The answer to these questions must be a somewhat lengthened one, for the subject relates not to a few beds of rock hastily broken up and dispersed, but to the physical changes of an entire country, carried on during a vast succession of geological periods.

A phenomenon, known familiarly as "crag and tail," has long been connected in its origin with the drift or boulder beds. Has my reader ever travelled through central Scotland? If so, he must often have noticed the abrupt isolated form of many of the hills, presenting a mural front to the west, and a long sloping declivity to the east. From the great number of isolated hard trap-rocks in this region, the phenomenon is much better seen than in most other parts of the kingdom. There is, for instance, the castle rock of Stirling, with its beetling crag and castellated summit, which present so imposing a front to the west. Many other examples are seen along the line of the Edinburgh and Glasgow Railway. The range of hills south of Linlithgow, the singularly abrupt basalt of Binny Craig, the long rounded ridge of Ratho, the double-peaked crag of Dalmahoy, the broad undulation of woody Corstorphine, are all examples more or less marked. Edinburgh itself is an excellent illustration. The Calton Hill shows a steep front to the town, while its eastern side slopes away down to the sea. Arthur's Seat, in like manner, has a precipitous western face, and a gentle declivity eastward.
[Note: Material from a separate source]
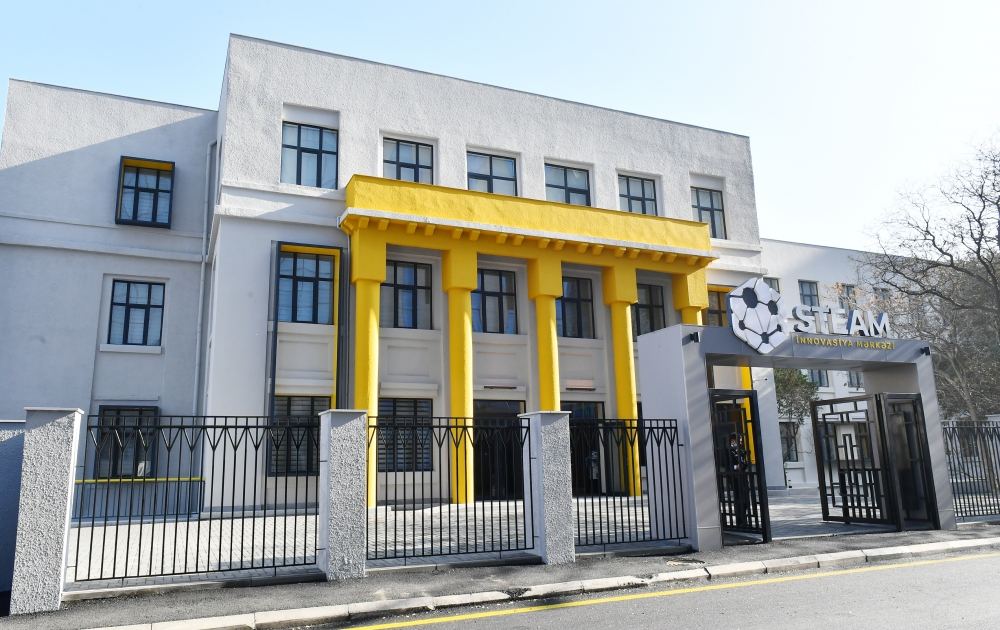 Prezident İlham Əliyev və Birinci xanım Mehriban Əliyeva Bakıda “STEAM İnnovasiya Mərkəzi”nin açılışında iştirak ediblər (FOTO/VİDEO)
The Castle rock, too, shoots up perpendicularly from the valley that girdles it on the north, west, and south, sinking away to the east in a long slope—

"Whose ridgy back heaves to the sky,

Piled deep and massy, close and high."

East-Lothian presents several well-marked instances; in particular, North Berwick Law and Traprain. A phenomenon so general must have had some general origin, and it was accordingly attributed to the same agency which produced the drift-clays and the striated rock-surfaces, when these were believed to be the results of great diluvial action. It would seem, however, that the phenomenon of crag and tail should not be associated with the boulder-clay. The latter is undoubtedly a newer Tertiary formation,[10] but the denudation[11] which produced crag and tail must have been going on long ere the Tertiary ages had begun. There is satisfactory evidence that large areas of our country were planed down at a greatly more ancient period than that of even the oldest of the Tertiary series. Thus, the whole area of the county of Sussex suffered a very extensive denudation during the later Secondary ages. The Hebrides had undergone a similar process previous to the deposition of the Lias and Oolite, and the Greywacke hills of south Scotland, previous to the formation of the Old Red Sandstone. There seems thus to have been a general and continuous process of degradation at work during a long succession of geological ages.
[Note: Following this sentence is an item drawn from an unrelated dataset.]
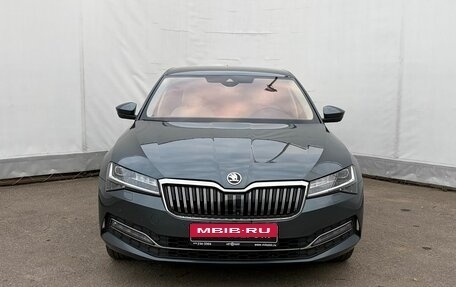 Skoda Superb III рестайлинг, 2020 год, 2 399 000 рублей, 2 фотография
[10] The reader is referred to the table of the geological formations at the end of the volume for the relative position of the beds described.

[11] Denudation is a geological term used to denote the removal of rock by the wasting action of water, whereby the underlying mineral masses are denuded or laid bare.

The results of this long-continued action are of the most startling kind. I have referred to the phenomenon of crag and tail as perhaps the most readily observable. We must not fail to remember that the crag which now stands up so prominently above the level of the surrounding country, at one period lay buried beneath an accumulation of sandstone, shale, or other strata, all of which have been carried away, so as to leave the harder rock in bold relief, with a portion of the less coherent strata sloping as a long tail from its eastern side. The crag, too, is often breached in many places, worn down at one end, rounded on the summit, and sometimes well-nigh ground away altogether, whilst in front there is invariably a deep hollow scooped out by the current when arrested by the abrupt cliff. In [Fig. 2, a] represents a crag of greenstone worn away and bared of the shales which once covered it; b, the sloping "tail" of softer strata, protected from abrasion by the resistance of the trap-rock, and covered by a deep layer of drift, d; c marks the hollow on the west side of the crag.